[Working data — start]

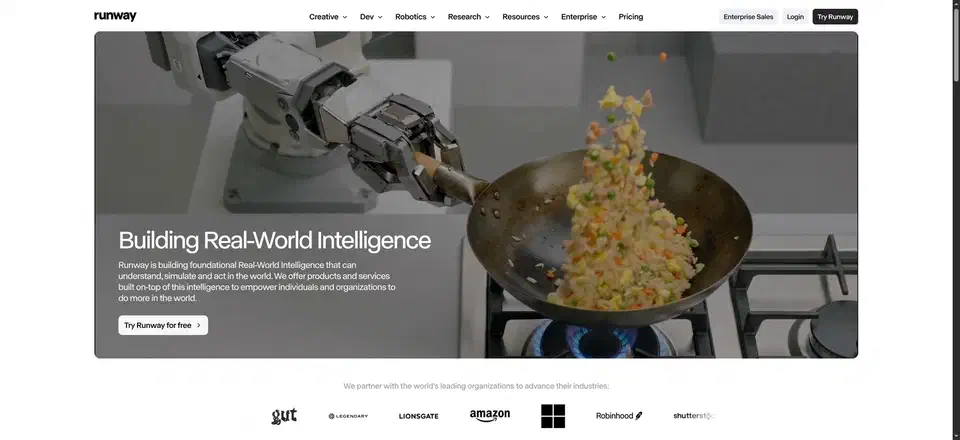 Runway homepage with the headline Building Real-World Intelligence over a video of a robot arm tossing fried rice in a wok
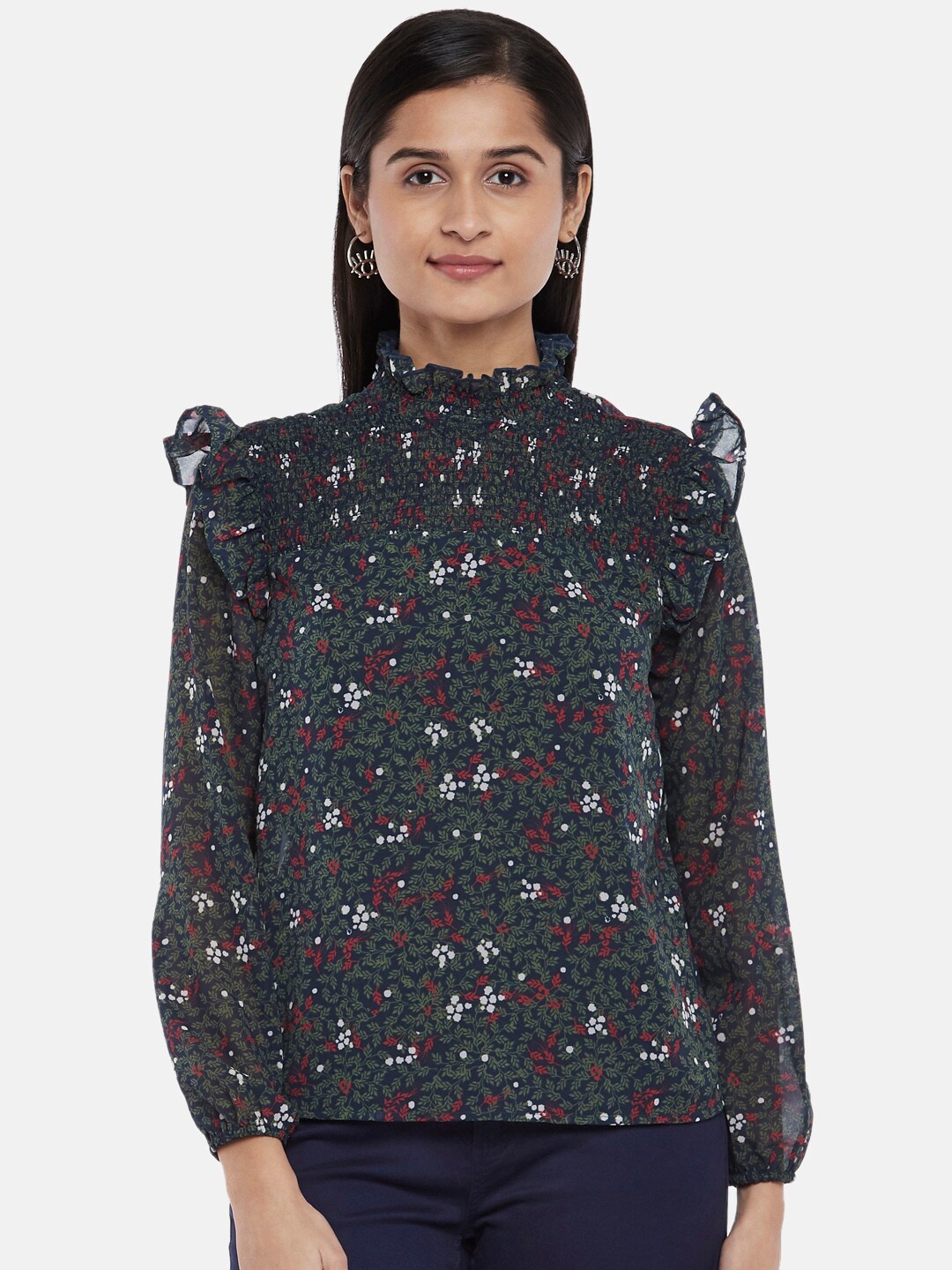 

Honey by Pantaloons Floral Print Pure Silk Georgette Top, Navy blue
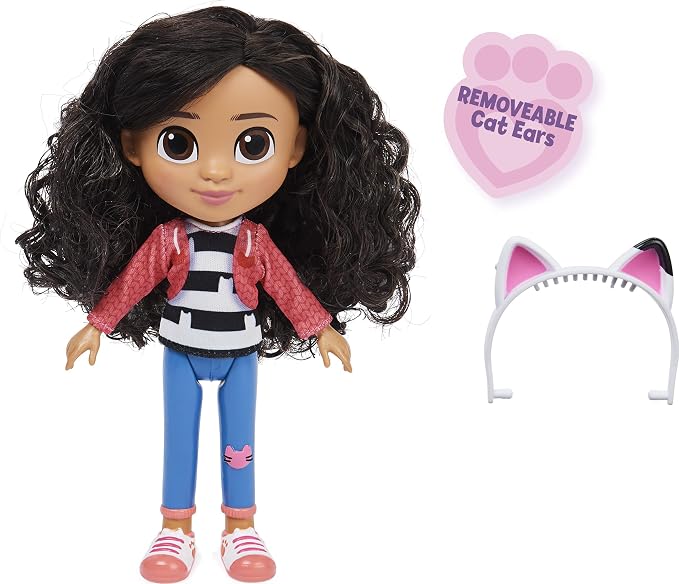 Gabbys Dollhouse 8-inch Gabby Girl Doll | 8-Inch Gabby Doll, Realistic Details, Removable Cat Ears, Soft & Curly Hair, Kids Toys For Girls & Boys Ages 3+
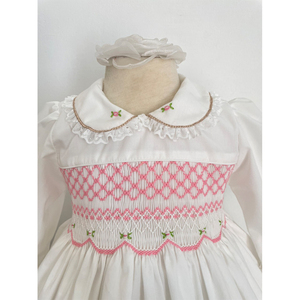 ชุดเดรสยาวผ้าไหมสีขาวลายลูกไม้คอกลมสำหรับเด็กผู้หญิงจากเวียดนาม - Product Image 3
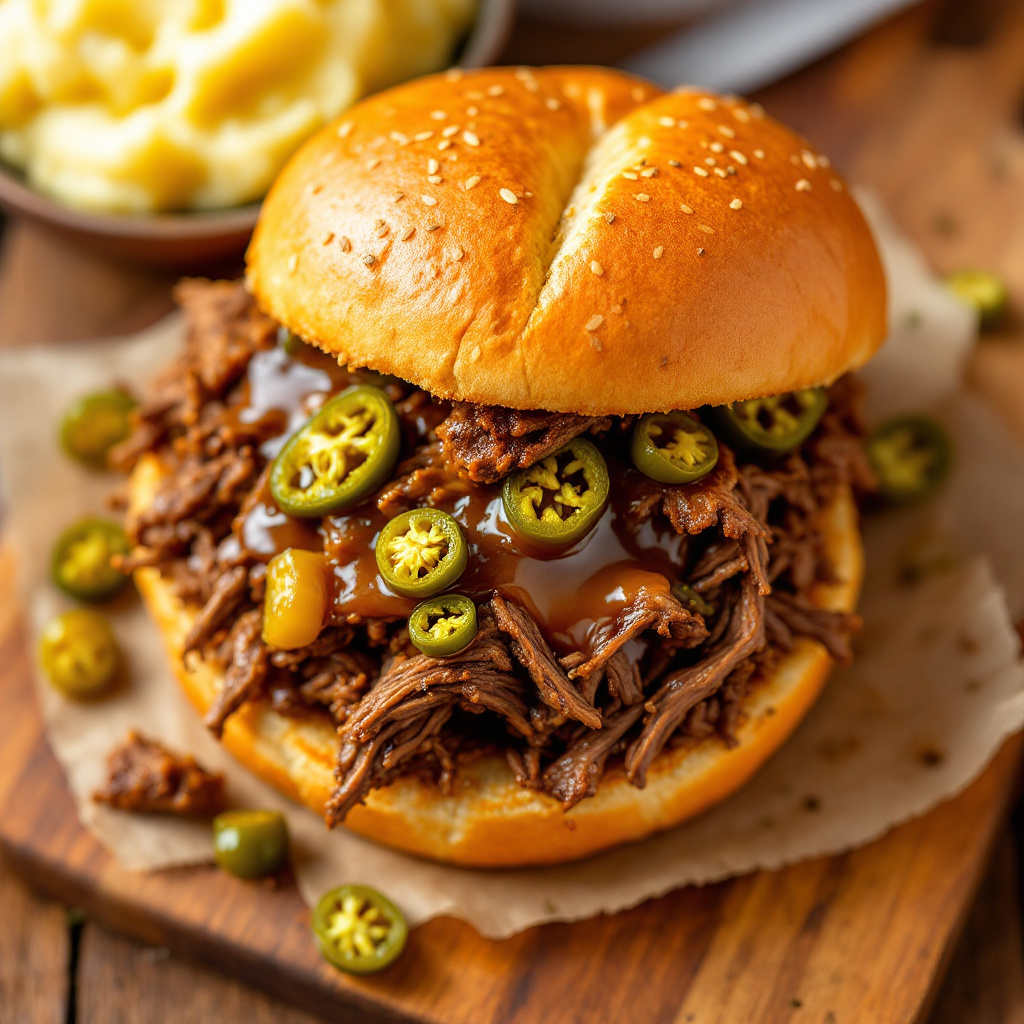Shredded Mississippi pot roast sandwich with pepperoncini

[Working data — finish]
[Working data — start]

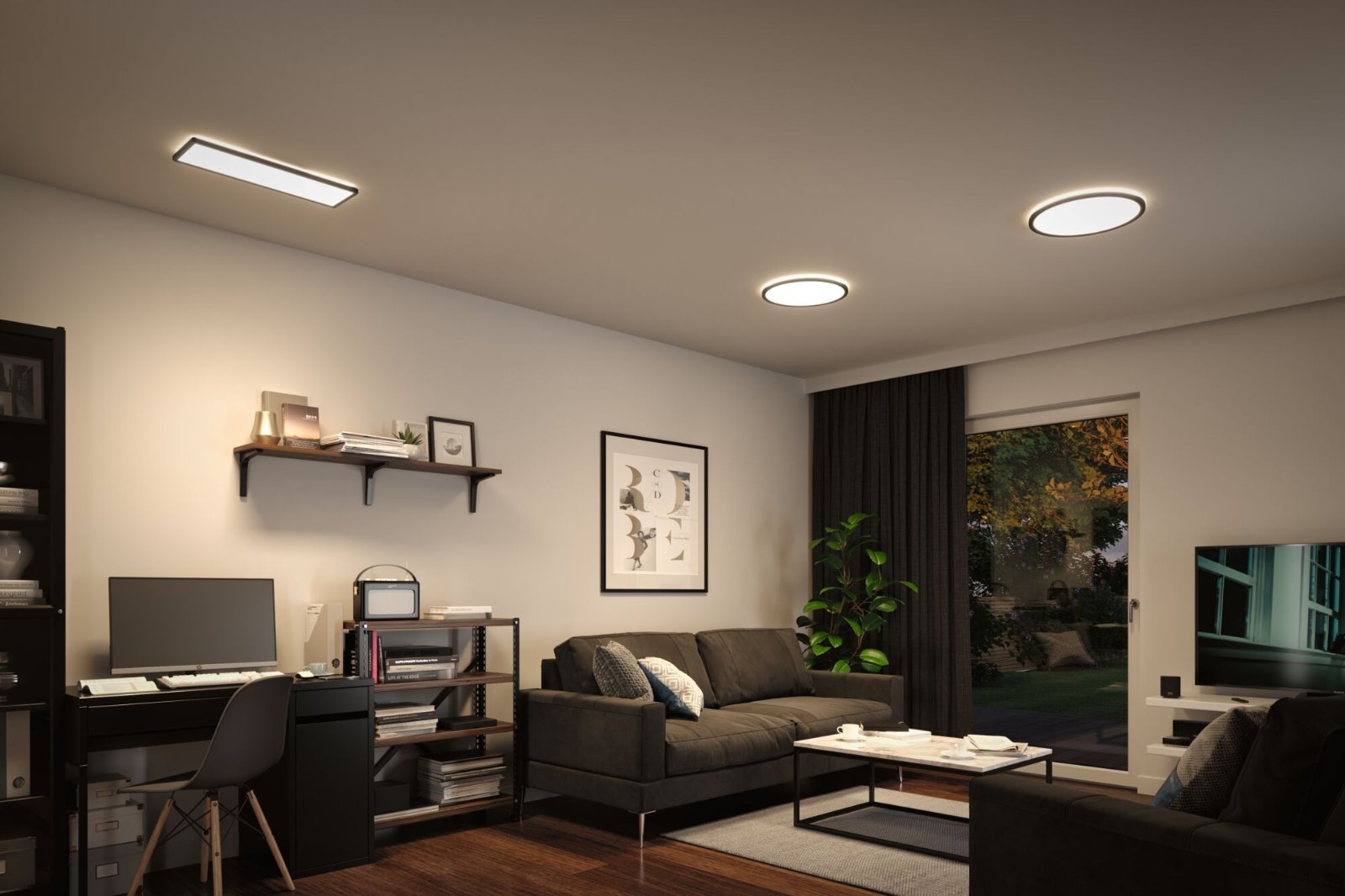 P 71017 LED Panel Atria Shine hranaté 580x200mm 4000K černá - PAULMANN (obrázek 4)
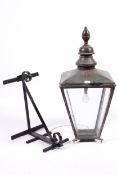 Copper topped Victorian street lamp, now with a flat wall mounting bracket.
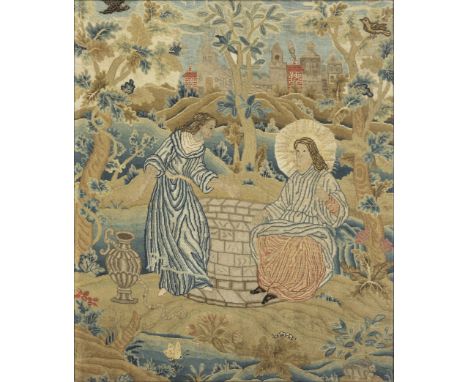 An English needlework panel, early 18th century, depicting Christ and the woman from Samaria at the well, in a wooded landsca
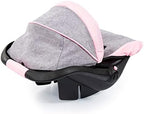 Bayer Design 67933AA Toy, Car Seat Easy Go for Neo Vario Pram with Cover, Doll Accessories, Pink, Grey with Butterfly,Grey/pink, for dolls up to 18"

[Working data — finish]
[Working data — start]

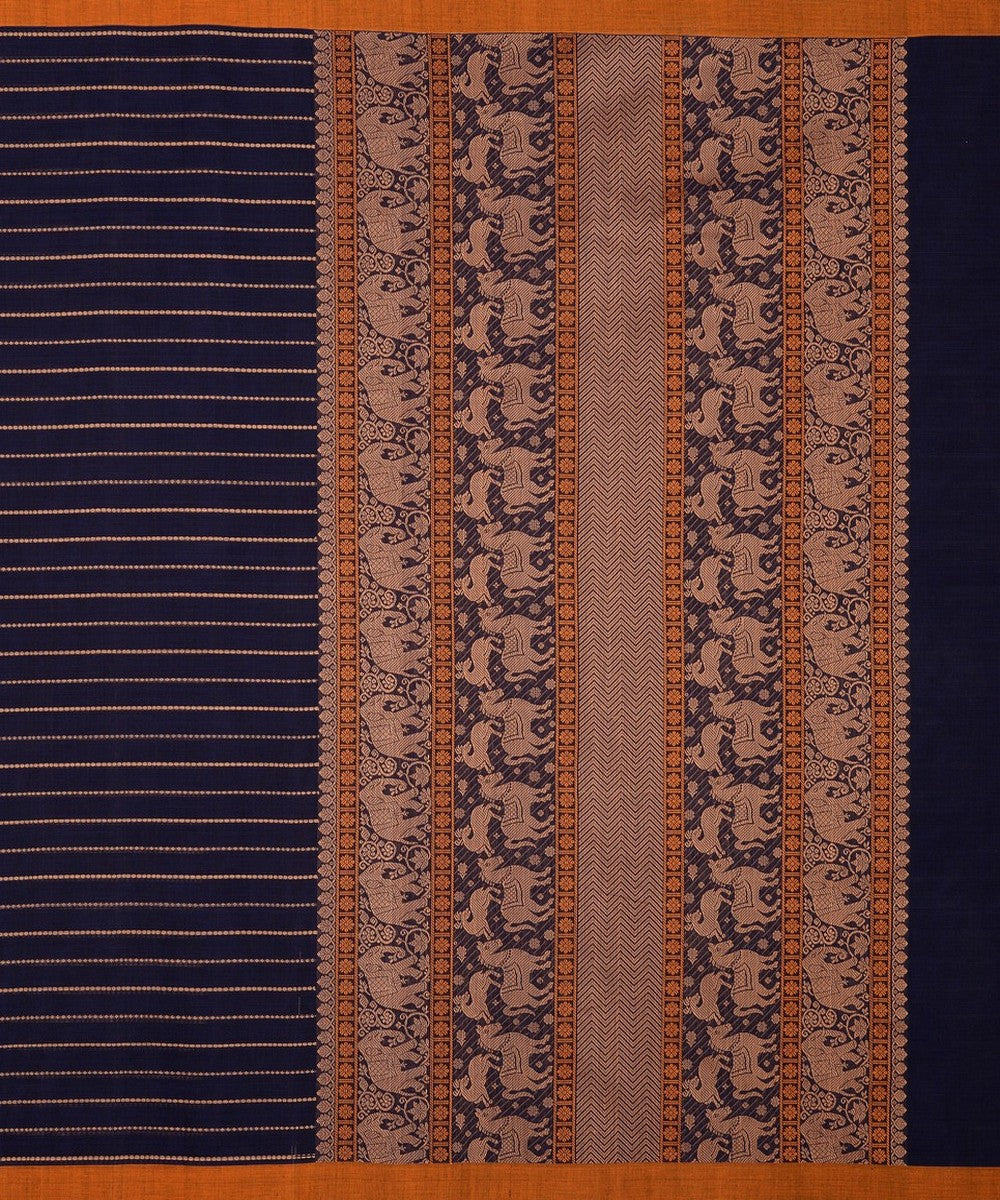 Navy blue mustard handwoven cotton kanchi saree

[Working data — finish]

Exercise instructions: Only one part of the material above is wanted: the lines from the one with "Product Image 3" up to and including the one with "Shredded Mississippi pot". Please copy them exactly, pictures left out.

Result for this task:
 ชุดเดรสยาวผ้าไหมสีขาวลายลูกไม้คอกลมสำหรับเด็กผู้หญิงจากเวียดนาม - Product Image 3
Shredded Mississippi pot roast sandwich with pepperoncini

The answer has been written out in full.